━━━ Provided data ━━━
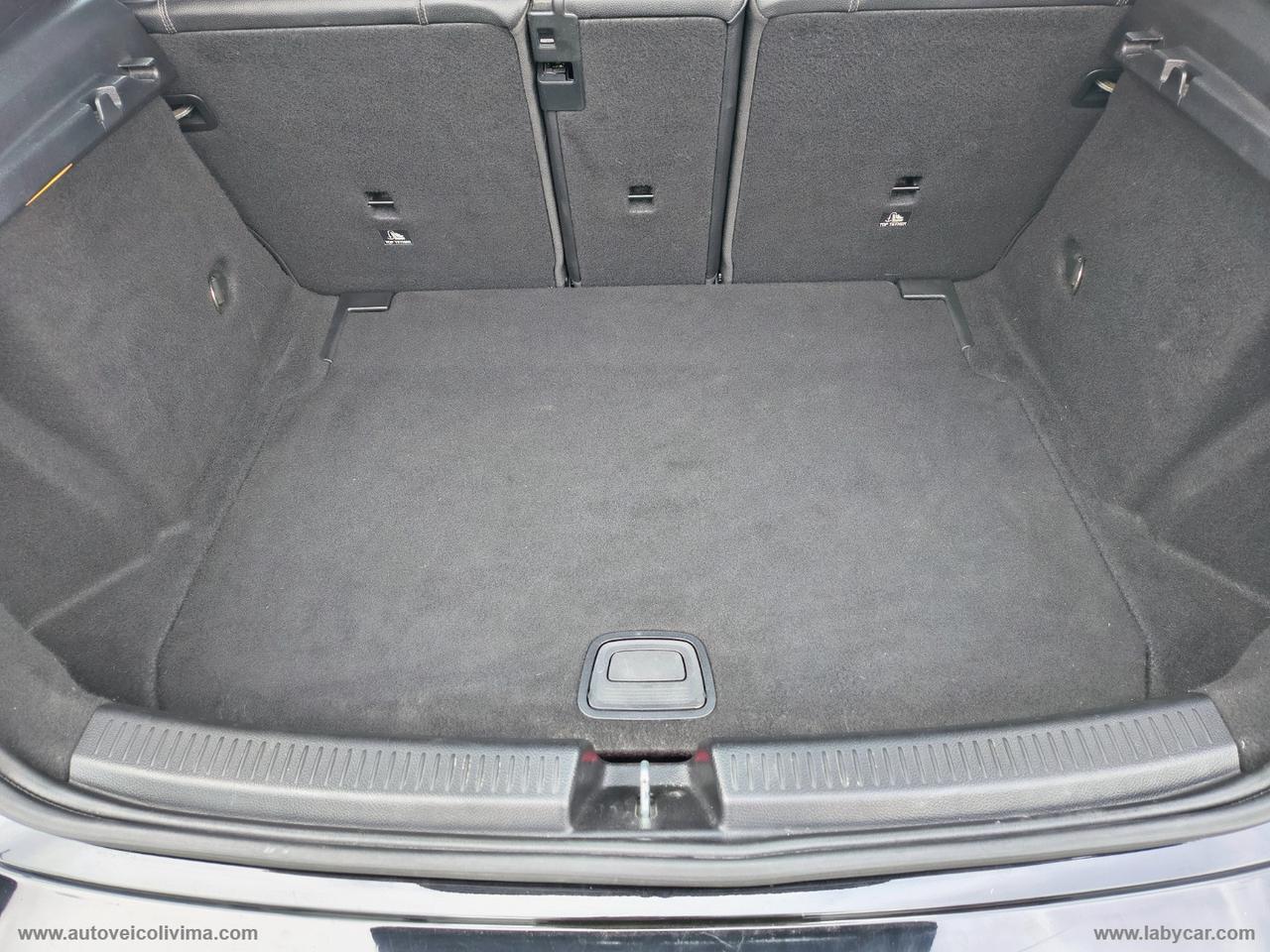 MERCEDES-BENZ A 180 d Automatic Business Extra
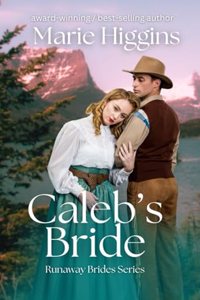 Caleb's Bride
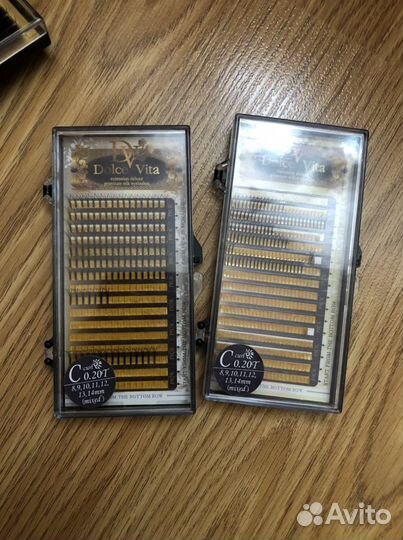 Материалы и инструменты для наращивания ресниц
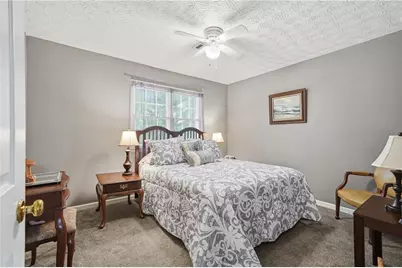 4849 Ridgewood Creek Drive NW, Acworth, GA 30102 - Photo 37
━━━
Exercise prompt — Leaving the pictures aside, copy exactly and only the lines from the one holding "Материалы и инструменты" through the final line of the data, both ends kept.

Exercise result —
 Материалы и инструменты для наращивания ресниц
 4849 Ridgewood Creek Drive NW, Acworth, GA 30102 - Photo 37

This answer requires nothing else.